The thing I find amazing is that people often claim that people need to be free thinking when they disagree with the majority, but when they agree with it, they claim that those who disagree with them are just wrong.
The simple fact of the matter is that climate science is a complex science, and therefore we are generally only really beginning to understand everything that is happening. But that doesn't mean we don't understand anything about what is happening.
Further, the cynicism expressed here by a number of people tends to ignore the reality of the last political administration. A scientist does not get federal funding or prestige by bucking the political will of the President. Whether he was wrong or right, President Bush was on the side of those who believed that climate change either was not happening or was not man made. Scientists like Jim Hansen and others did not make any real friends by bucking the established power structure.

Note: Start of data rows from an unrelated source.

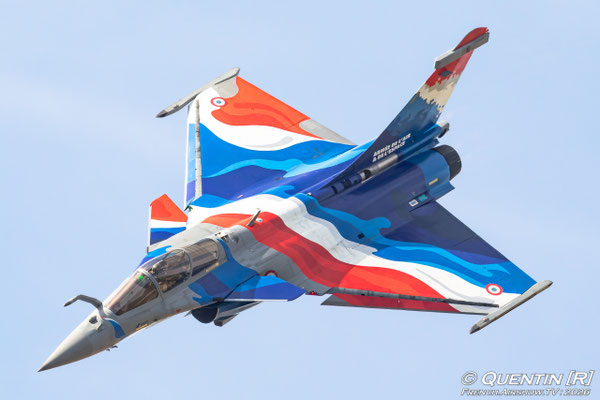 Rafale Solo Display Donne-toi des Ailes Aero Club de Franche-Comte Dole 2026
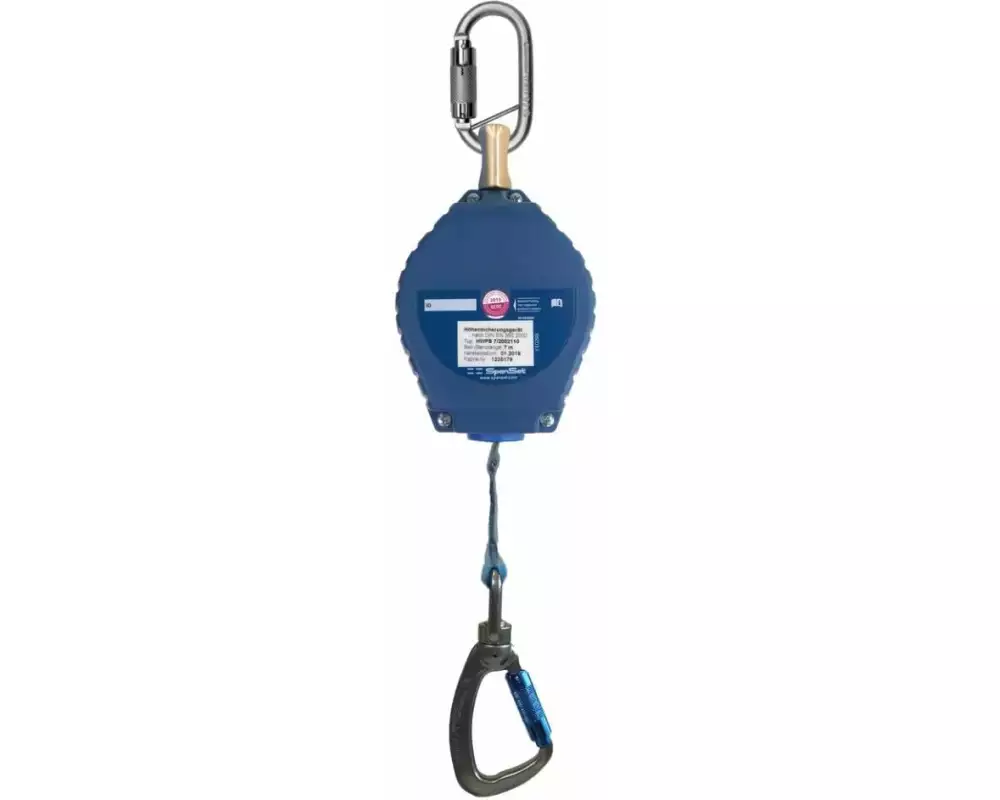 SpanSet SRL W Textil Blau 3.5 m
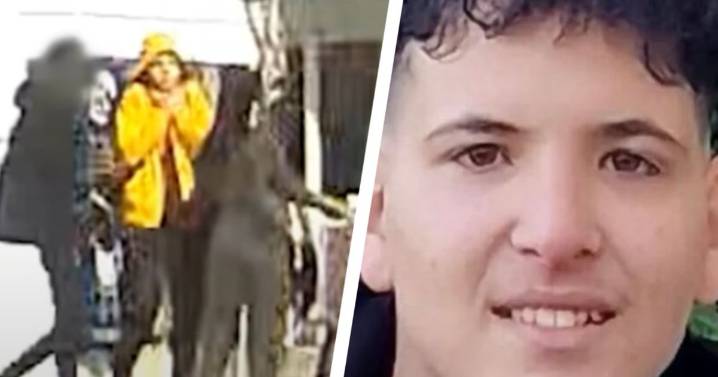 Boy, 16, who fled to UK 'for a better life' is murdered days after arriving in horrific town centre attack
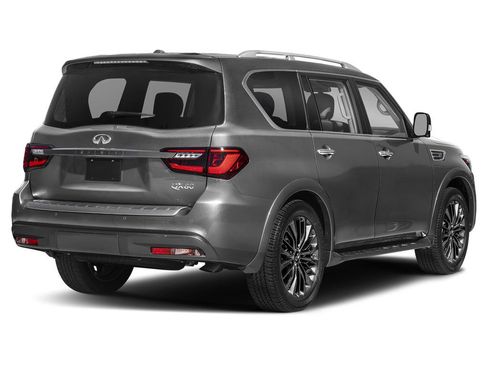 Used 2021 INFINITI QX80 Premium Select w/ Cargo Package RWD image 2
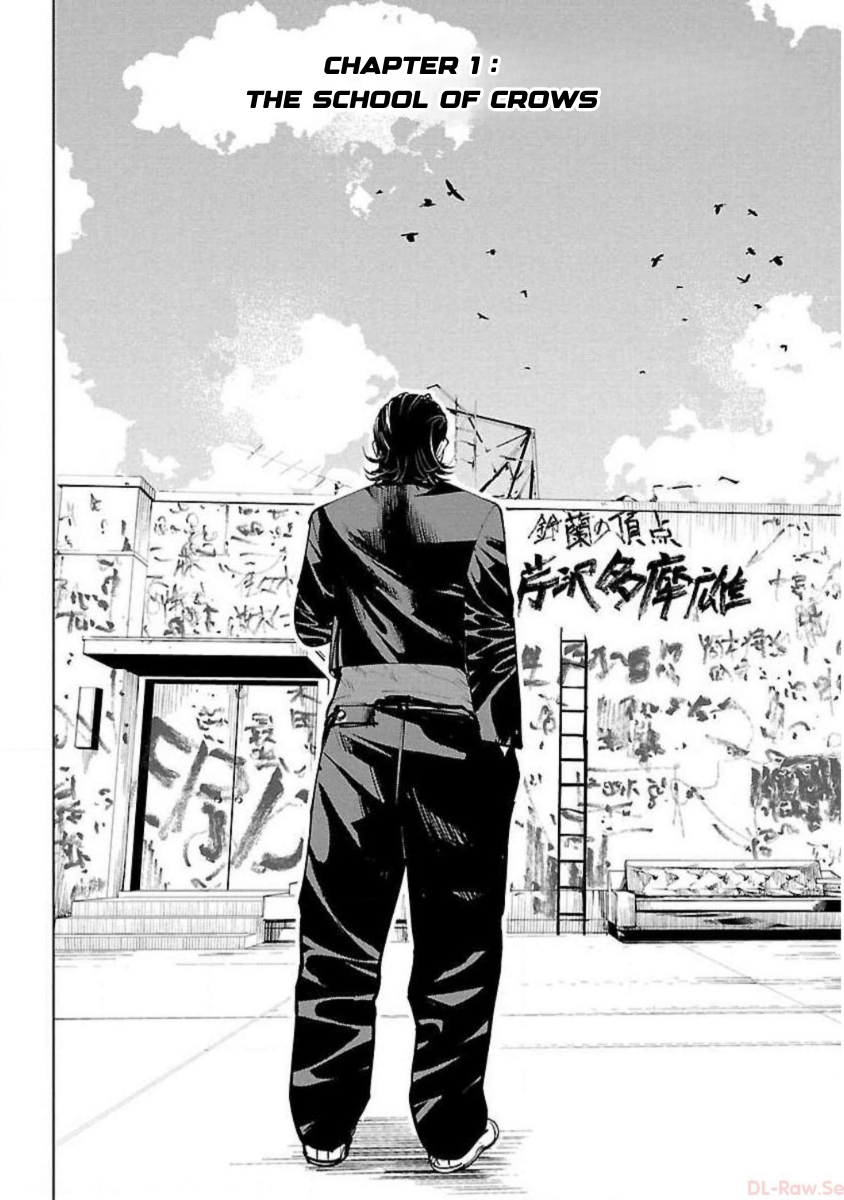 Crows Zero Reboot THE SCHOOL OF CROWS 第4页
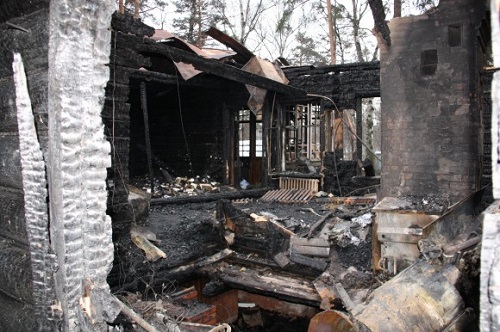 Сегодня ночью в Красноярском крае заживо сгорели пятеро, из них четыре ребенка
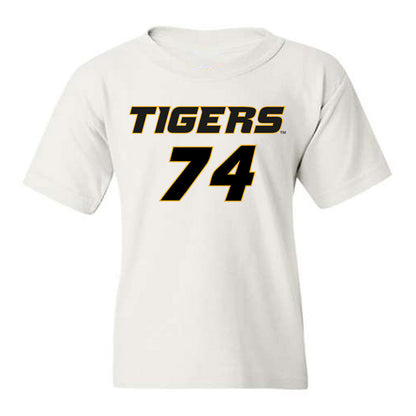 Missouri - NCAA Football : Whit Hafer - Replica Shersey Youth T-Shirt-0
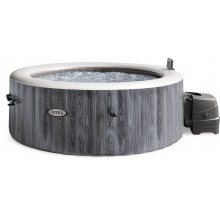 INTEX PureSpa Greywood Bubble Deluxe vírivka pre 4 osoby S2 28440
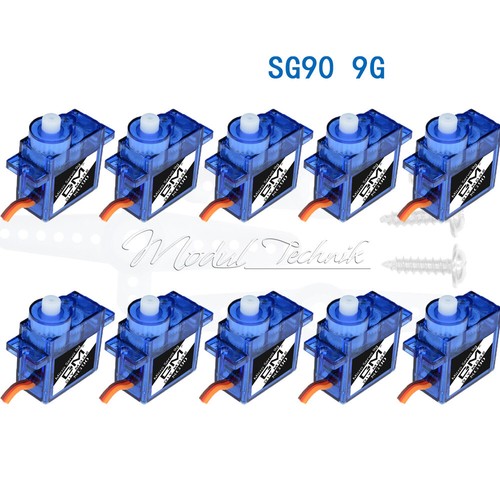 10pcs sg90 micro - 9g,
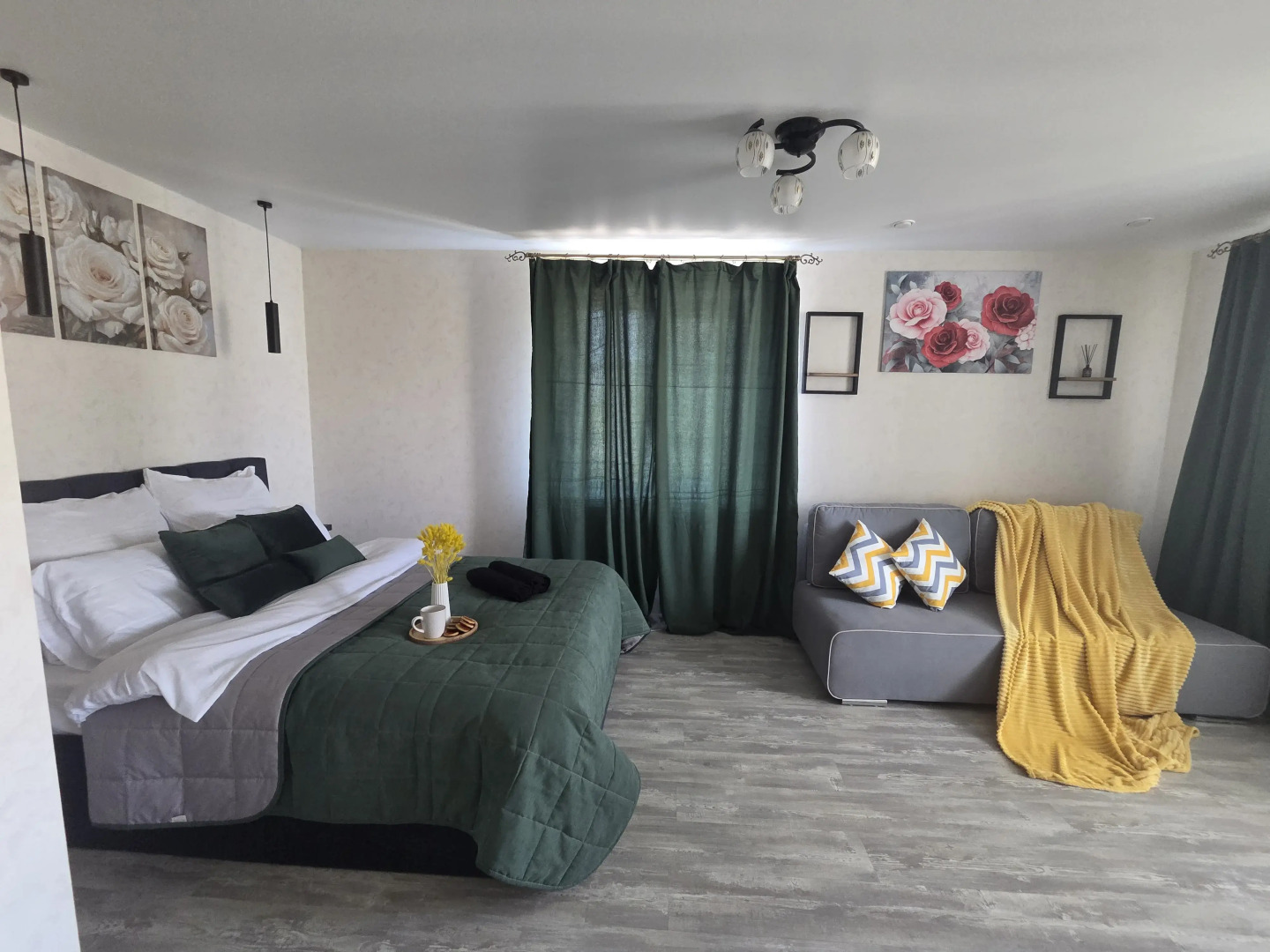 Квартира Уютная 1- Комнатная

The final thought I have is that many of the most vocal opponents to the position that man made global warming is real are not people who I would trust to be adequate interpreters of the data. The very complexity of the data requires lots of compute time on HPC systems to make sense. Being am MD, biologist, chemist or even a physicist does not make you qualified. I know I certainly am not qualified to interpret all the data.
Funny, none of us are free thinkers enough to try to tell Boeing Engineers how to best build a plane but we assume that because the scientists are dealing with a subject even more complex than aerospace engineering, that suddenly we are as qualified to interpret the data as the scientists are.